Nigerian oil production continues slump amid onshore shutdown

William Clowes October 11, 2022

(Bloomberg) — Nigeria’s oil output continued to fall in September as some onshore production ground almost to a halt, according to government data.

The West African country produced a daily average of 1.14 million barrels of crude oil and condensate –- a light hydrocarbon -– last month, about 42,000 barrels fewer than in August, figures published by the Nigerian Upstream Petroleum Regulatory Commission show. Output has declined steadily since the first quarter of 2020, when Nigeria produced roughly double the amount, according to the data.
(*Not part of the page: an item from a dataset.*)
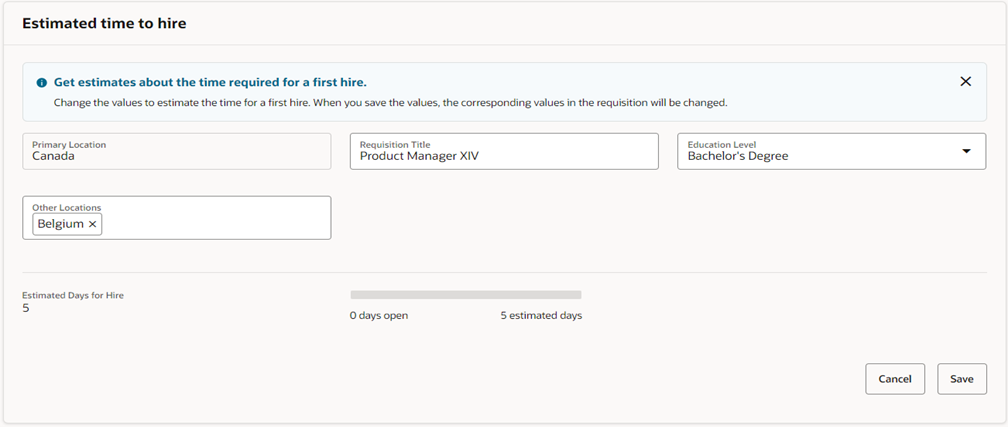 Image showing the Estimated Time to Hire section in the Overview tab.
The government blames rampant theft on the pipelines that crisscross the Niger Delta for shutting down wells and killing off investment. Production of three major export grades – Bonny, Brass and Forcados – has shriveled in recent months, with none of them accounting for more than 8,000 barrels per day in September.
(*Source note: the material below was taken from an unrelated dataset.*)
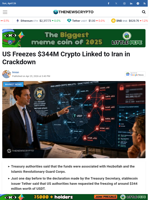 US Freezes $344M Crypto Linked to Iran in Crackdown - TheNewsCrypto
Nigeria aims to add 500,000 barrels a day to its production by the end of November, mainly by resuming operations at Shell Plc’s Trans-Niger pipeline and Forcados terminal, Mele Kyari, chief executive of the state-owned energy company, said this week.

For a long time Africa’s largest crude producer, Nigeria is currently vying with Angola and Libya for the continent’s top spot, according to Bloomberg’s survey of monthly OPEC output.